Task requirements: Please output exactly the part of the records below that opens with the line containing "两孔插座 C8插座 接线工业机柜插座DB-14-T" and closes with the line containing "Rode casual effen", both lines included, and nothing else.

Material for this task:
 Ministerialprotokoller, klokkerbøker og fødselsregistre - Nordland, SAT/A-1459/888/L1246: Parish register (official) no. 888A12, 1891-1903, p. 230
==
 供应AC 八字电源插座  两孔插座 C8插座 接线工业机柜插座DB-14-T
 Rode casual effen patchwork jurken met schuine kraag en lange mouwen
==
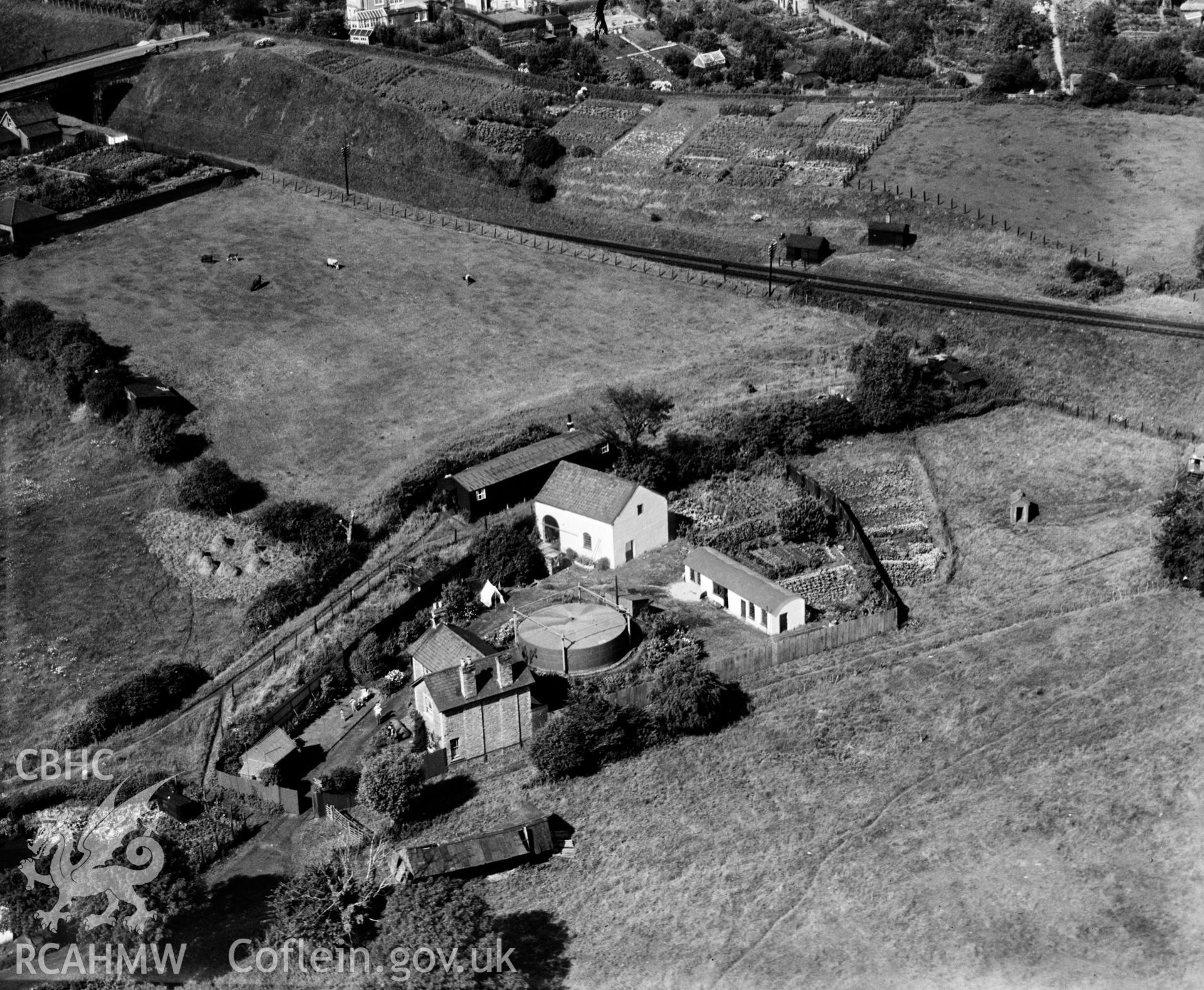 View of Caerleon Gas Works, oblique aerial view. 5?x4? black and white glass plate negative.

Reply to the task:
 供应AC 八字电源插座  两孔插座 C8插座 接线工业机柜插座DB-14-T
 Rode casual effen patchwork jurken met schuine kraag en lange mouwen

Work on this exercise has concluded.